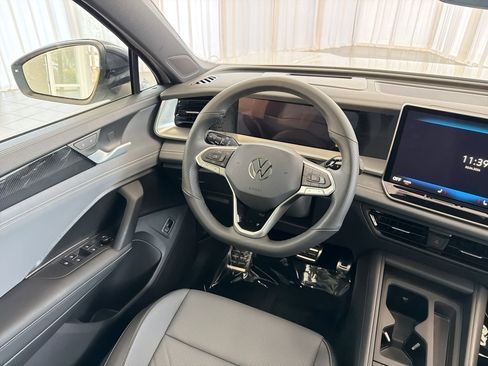 New 2026 Volkswagen Tiguan SE R-Line FWD image 27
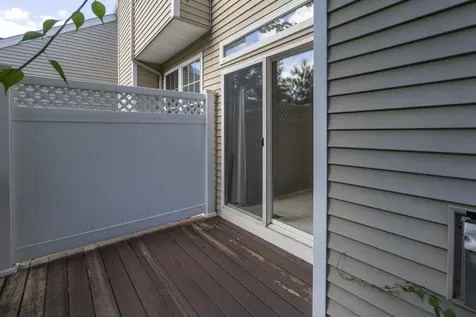 16 Edward Circle Bedford NH 03110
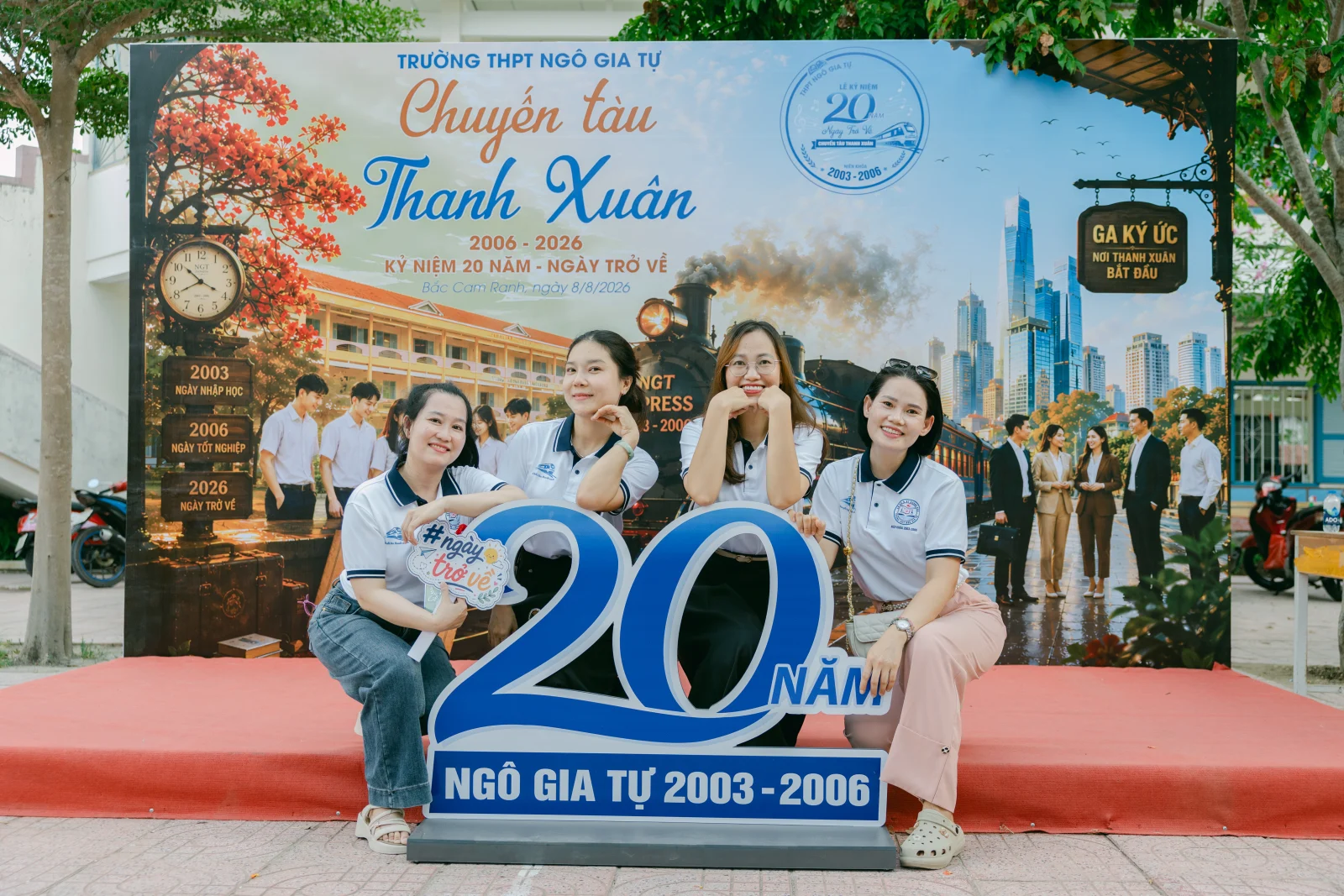 Ảnh lễ kỷ niệm 20 năm THPT Ngô Gia Tự, chụp ngày 08/08/2026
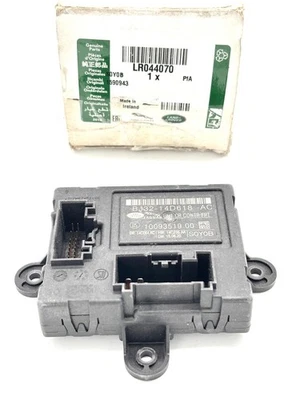 Genuine Land Rover L319 L320 L538 Drivers Door Control Module LR044070 OEM & New - Image 1 of 4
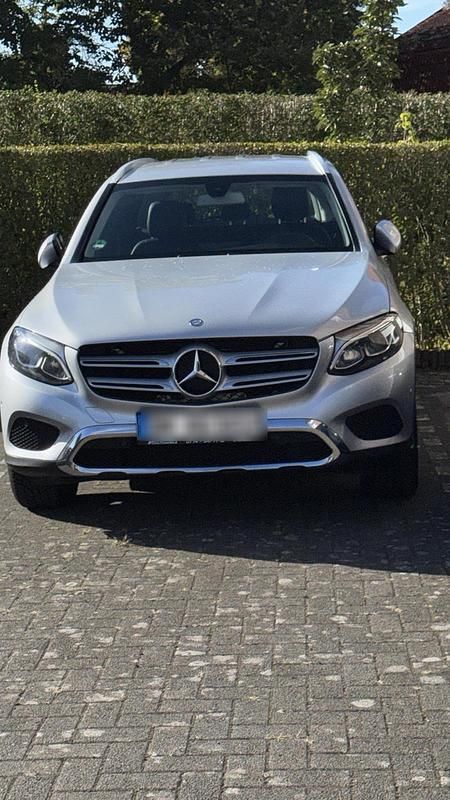 Silber Gebraucht 2016 Mercedes GLC220 SUV | 20.500 € (Guter Preis) - Bild 1/4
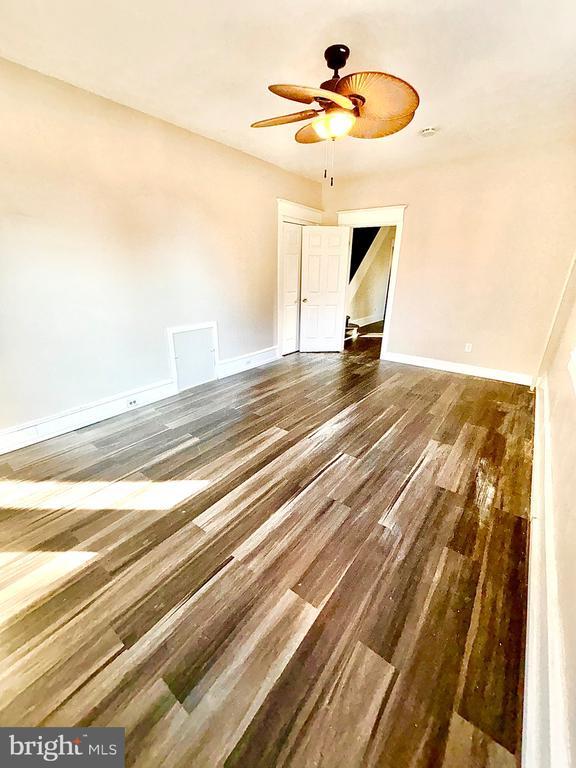 Building Photo - 360 Elm Ave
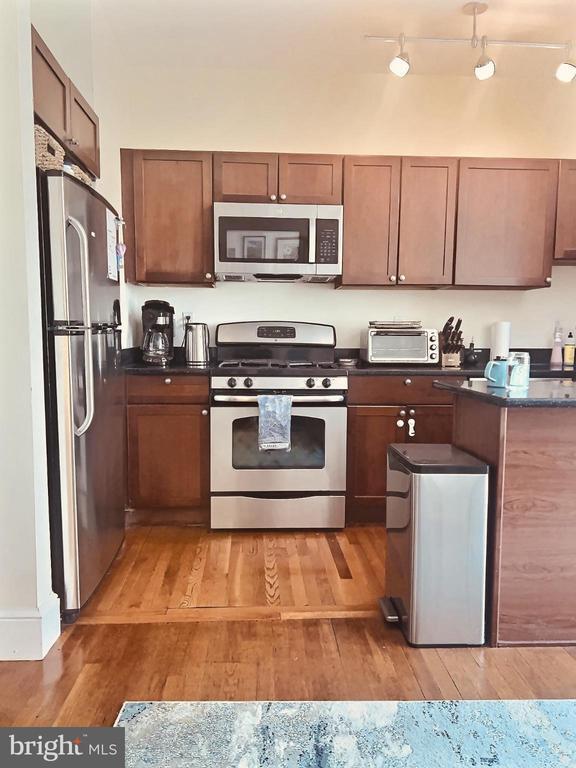 Foto del edificio - 1415 Girard St NW
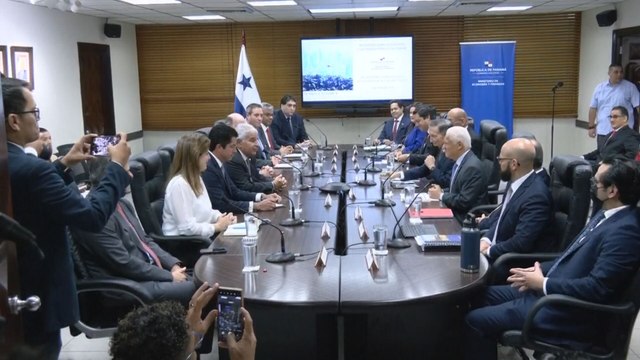 Reunión de transición en el Ministerio de Economía y Finanzas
- - - - -
How to complete this task:
Starting at the first line of the entries, restate word for word everything through the line that holds "Foto del edificio - 1415 Girard St NW", both ends included, but omit any pictures.

Result:
 New 2026 Volkswagen Tiguan SE R-Line FWD image 27
 16 Edward Circle Bedford NH 03110
 Ảnh lễ kỷ niệm 20 năm THPT Ngô Gia Tự, chụp ngày 08/08/2026
 Genuine Land Rover L319 L320 L538 Drivers Door Control Module LR044070 OEM & New - Image 1 of 4
 Silber Gebraucht 2016 Mercedes GLC220 SUV | 20.500 € (Guter Preis) - Bild 1/4
 Building Photo - 360 Elm Ave
 Foto del edificio - 1415 Girard St NW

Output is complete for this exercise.